Dezoito anos após a morte de Isabella Nardoni, a situação jurídica de Anna Carolina Jatobá volta a ser alvo de questionamentos na Justiça de São Paulo. Um pedido protocolado nesta semana solicita a reavaliação da progressão ao regime aberto concedida à condenada, que cumpre pena em liberdade desde 2023.
O requerimento foi apresentado pelo ativista Agripino Magalhães, presidente da Associação do Orgulho LGBTQIAPN+, à 1ª Vara das Execuções Criminais de Taubaté. O documento pede a abertura de um procedimento para apurar a legalidade do benefício e, caso sejam constatadas irregularidades, a revogação da progressão.
A petição anexa documentos obtidos pela coluna Fábia Oliveira, do Metrópoles, que reúnem alegações sobre o período em que Jatobá esteve na Penitenciária Feminina de Tremembé. As informações foram apresentadas pelo advogado Francisco Angelo Carbone Sobrinho, que questiona a condução da execução da pena.

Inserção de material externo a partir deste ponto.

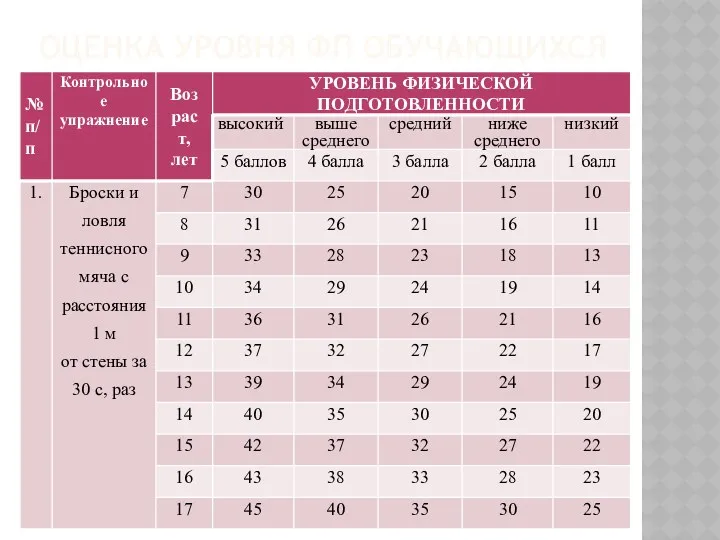 Оценка уровня ФП обучающихся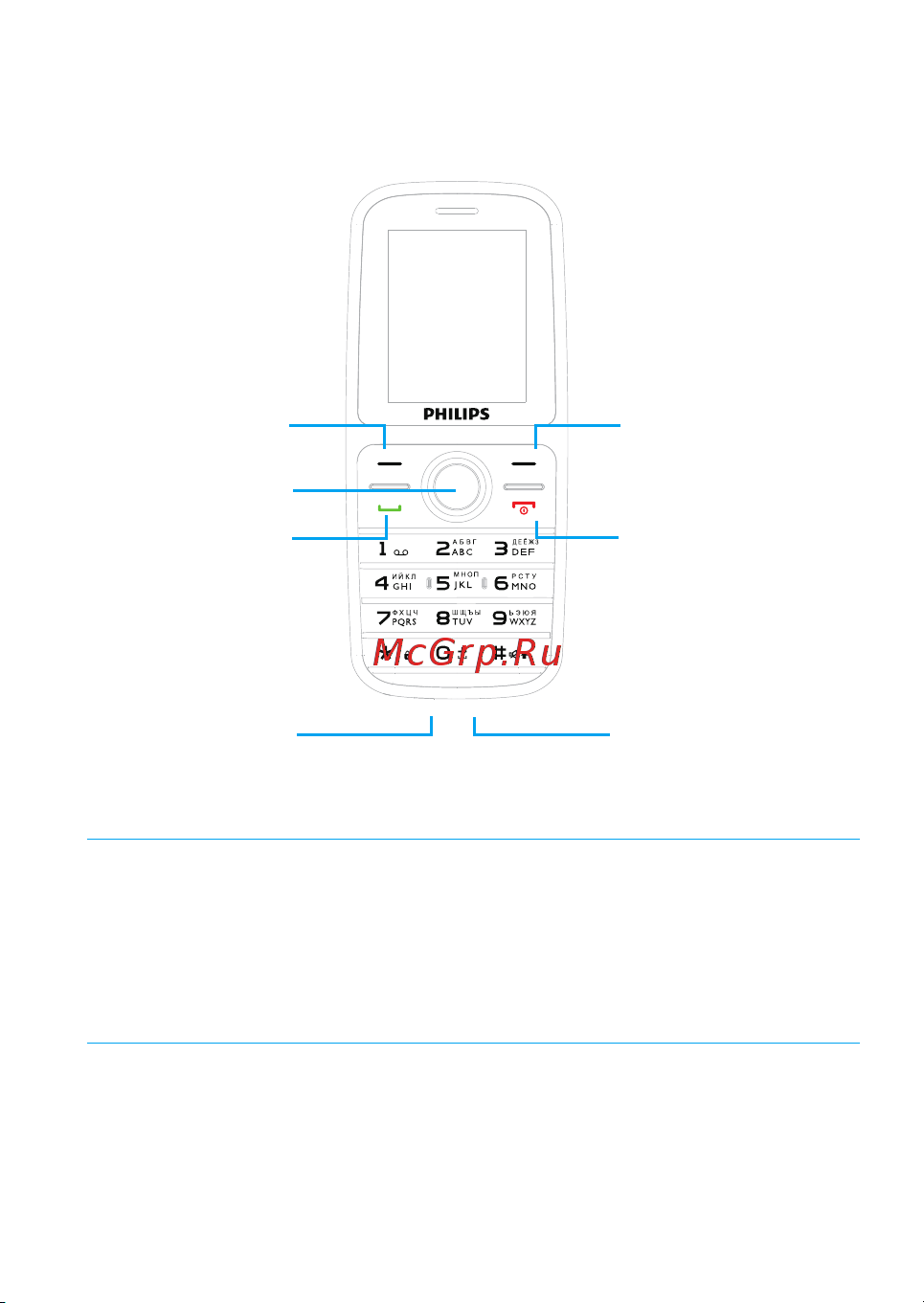 Philips E109 [2/22] Ваш телефон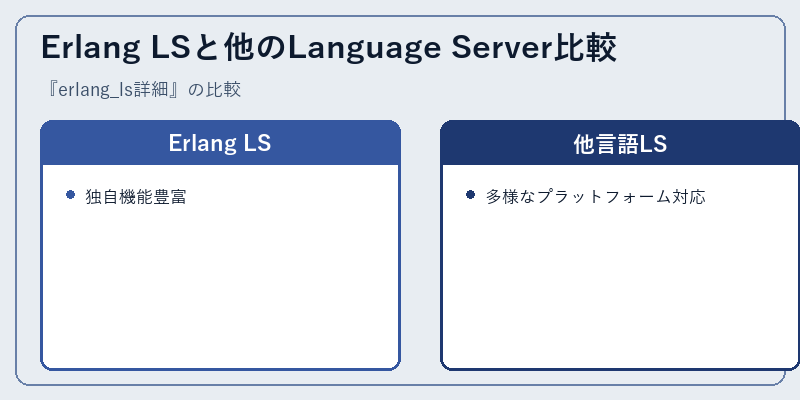 Erlang LSと他のLanguage Server比較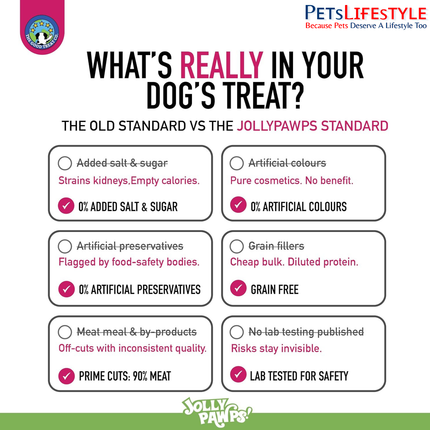 Jolly Pawps Codfish + Chicken Strips Dog Treats 85 g – 90% Prime Cut Meat, Grain-Free Fish & Chicken Training Treats for Dogs and Puppies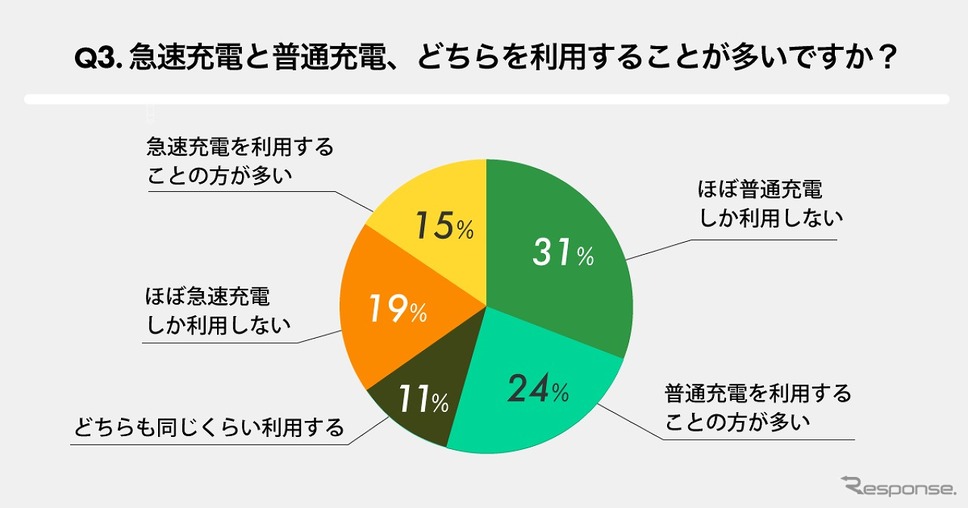 急速充電と普通充電、どちらを使うことが多い?《画像提供 ゴーゴーラボ》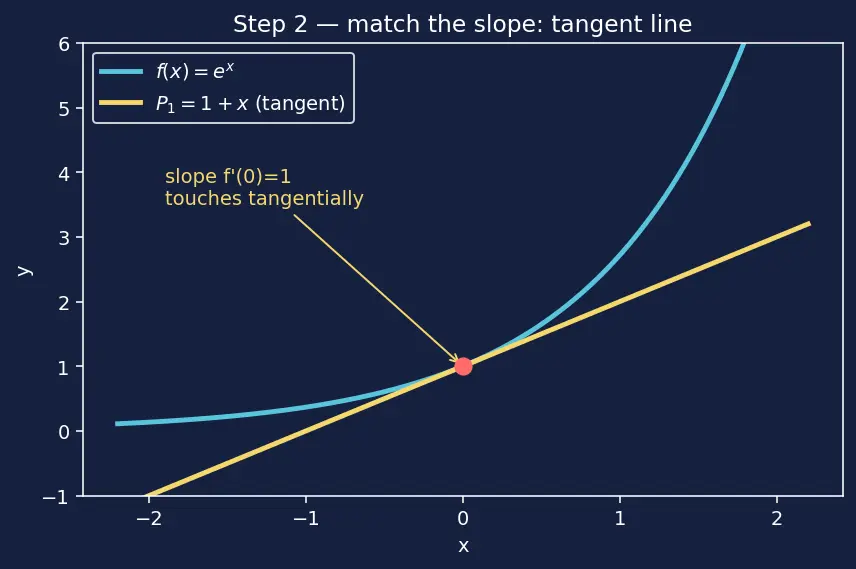 Figure — Taylor series approximation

Um dos pontos centrais é a suposta proximidade entre Antônio Nardoni, avô da vítima, e a direção da unidade prisional. Segundo o documento, essa relação teria favorecido a concessão de benefícios considerados irregulares à condenada.
Entre as alegações, destaca-se o depoimento de uma agente penitenciária identificada como Elisa, que afirmou ter convivido com Jatobá na prisão. Ela relatou que a detenta teria recebido um colchão ortopédico de alto valor para uso na cela.
A testemunha também declarou que Jatobá ocupou uma posição de liderança dentro da penitenciária, o que teria permitido a obtenção de remição de pena por trabalho em condições diferenciadas em relação às demais presas. A petição sustenta que esse procedimento pode ter sido influenciado por irregularidades e informações não condizentes com a realidade.
O requerimento solicita ainda a quebra de sigilo bancário e a análise de movimentações financeiras envolvendo Antônio Nardoni, empresas supostamente ligadas a ele, a direção da penitenciária e outros servidores. A tese apresentada é de que eventuais benefícios concedidos a Jatobá teriam como objetivo evitar que ela prestasse declarações que pudessem comprometer o sogro.
O caso segue sob análise da Justiça de Taubaté, que decidirá sobre a abertura do procedimento de apuração. A defesa de Anna Carolina Jatobá ainda não se manifestou publicamente sobre as novas alegações.